Ket Foto: Saifin Anggota DPRD Kabupaten Sanggau. (Istimewa).

Pontianak, Infokalbar.com Pusaran kasus dugaan tindak pidana korupsi terkait penyimpangan tata kelola Izin Usaha Pertambangan (IUP) PT Quality Sukses Sejahtera (PT QSS) periode 2017–2025 mulai menyeret sejumlah nama penting. Salah satunya adalah anggota DPRD Kabupaten Sanggau dari Fraksi Partai Golkar, berinisial S yang disebut tercatat dalam struktur perusahaan tambang bauksit tersebut.

Ketua Forum Wartawan & LSM Kalbar Indonesia Sujanto SH meminta Kejati Kalbar dan Kejagung RI untuk memeriksa terkait keterlibatan oknum anggota DPRD Kabupaten Sanggau berinisial S.

Kasus yang kini ditangani Kejaksaan Agung Republik Indonesia menjadi perhatian publik setelah penyidik Jaksa Agung Muda Tindak Pidana Khusus (Jampidsus) menetapkan seorang tersangka berinisial SDT alias Sudianto Alias Aseng yang disebut sebagai beneficial owner PT QSS.
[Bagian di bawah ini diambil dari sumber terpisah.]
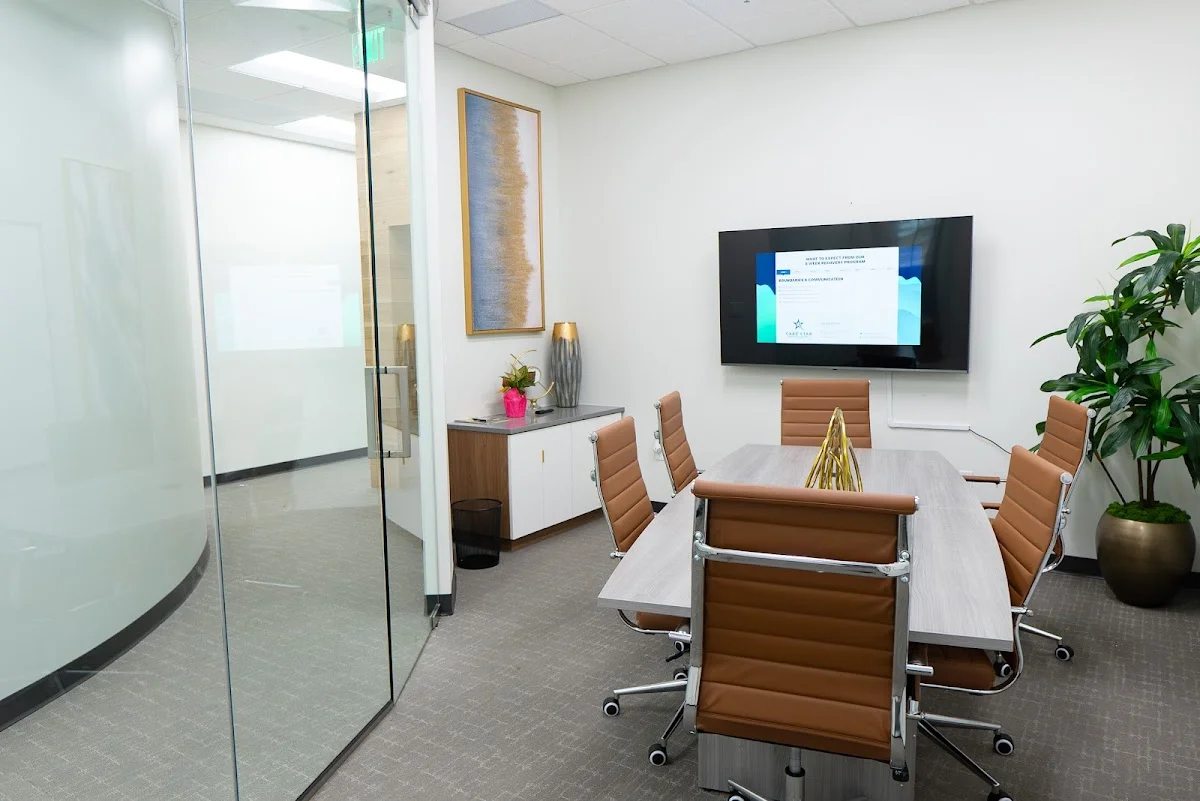 Care Star Recovery &amp; Wellness - interior photo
Dalam keterangannya kepada media, Jampidsus Syarief Sulaeman mengungkapkan bahwa PT QSS diduga melakukan praktik pertambangan yang menyimpang dari izin yang dimiliki. Perusahaan disebut telah memperoleh IUP bauksit secara resmi, namun aktivitas penambangan justru dilakukan di luar wilayah izin usaha pertambangan (WIUP) yang ditetapkan.
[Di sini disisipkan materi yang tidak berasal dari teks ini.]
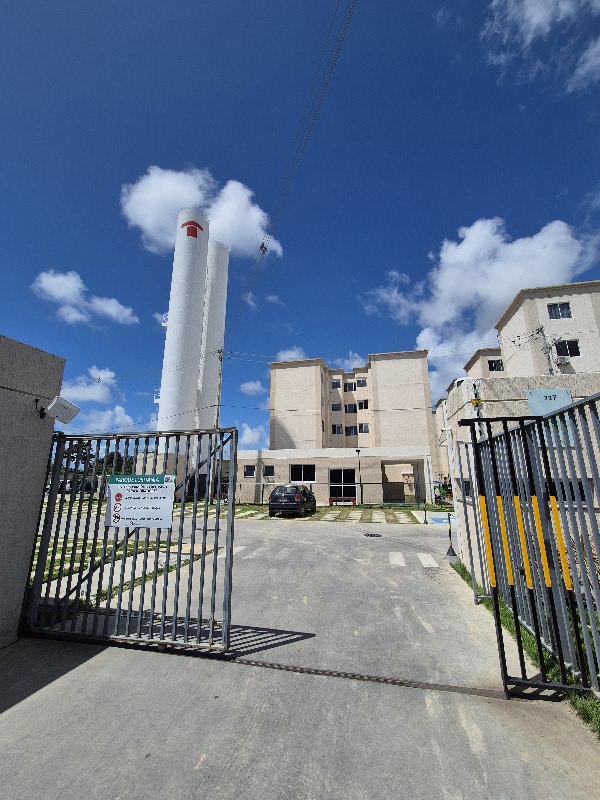 Apartamento da Caixa em PAULISTA / PE - 8787716688100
Pada waktu lalu Kejagung RI mengamankan beberapa orang dari Pontianak dan dari Jakarta. Dan saat itu sudah menetapkan beberapa orang tersangka, salah satunya atas nama SDT yang merupakan beneficial owner dari PT QSS.

Penyidik juga menduga hasil tambang dari lokasi lain kemudian diekspor menggunakan dokumen resmi milik PT QSS. Praktik tersebut diduga berlangsung cukup lama, yakni sejak tahun 2017 hingga 2025.
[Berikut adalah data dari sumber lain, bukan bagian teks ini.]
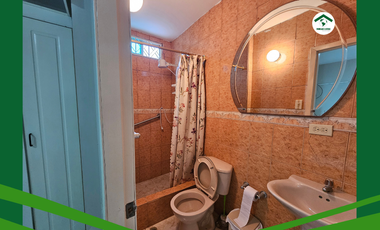 DEPARTAMENTO EN VENTA EN CRUCITA CON VISTA AL MAR - SITIO LOS RANCHOS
“PT QSS sudah memperoleh IUP bauksit. Namun mereka tidak menambang di lokasi yang diberikan IUP, melainkan menambang di tempat lain. Yang dijual ekspor menggunakan dokumen dari PT QSS dengan bekerja sama bersama penyelenggara negara,” ungkapnya.

Pernyataan itu memunculkan spekulasi luas terkait kemungkinan keterlibatan pihak-pihak lain dalam perkara yang disebut sebagai salah satu dugaan mafia tambang terbesar di Kalimantan Barat.

Nama Saifin kemudian menjadi sorotan setelah data perusahaan PT QSS yang tercantum dalam sistem Minerba One Data Indonesia (MODI) Kementerian ESDM menunjukkan dirinya tercatat sebagai pemilik saham perusahaan tersebut. Fakta itu memunculkan pertanyaan publik mengenai sejauh mana peran dan keterlibatan pihak-pihak dalam struktur perusahaan terhadap aktivitas pertambangan yang kini disorot aparat penegak hukum.

PT QSS sendiri diketahui memiliki IUP Operasi Produksi untuk komoditas bauksit dengan nomor izin 503/07/IUP-OP/DPMPTSP-C.II/2019. Perusahaan tersebut mengantongi izin tambang seluas 1.334,08 hektare yang berada di wilayah Kabupaten Sanggau.

Izin itu berlaku sejak 28 Januari 2019 hingga 12 Desember 2038 dengan status Clean and Clear (CNC)-1, status yang selama ini menjadi indikator legalitas administrasi pertambangan di Indonesia.

Meski demikian, dugaan praktik penambangan di luar WIUP dan penggunaan dokumen perusahaan untuk kepentingan ekspor dari lokasi lain kini menjadi titik krusial yang tengah didalami penyidik Kejaksaan Agung.

Kasus ini menambah daftar panjang persoalan tata kelola pertambangan di Kalimantan Barat yang selama bertahun-tahun kerap menjadi sorotan publik, terutama terkait dugaan praktik tambang ilegal, penyalahgunaan izin, hingga potensi kerugian negara.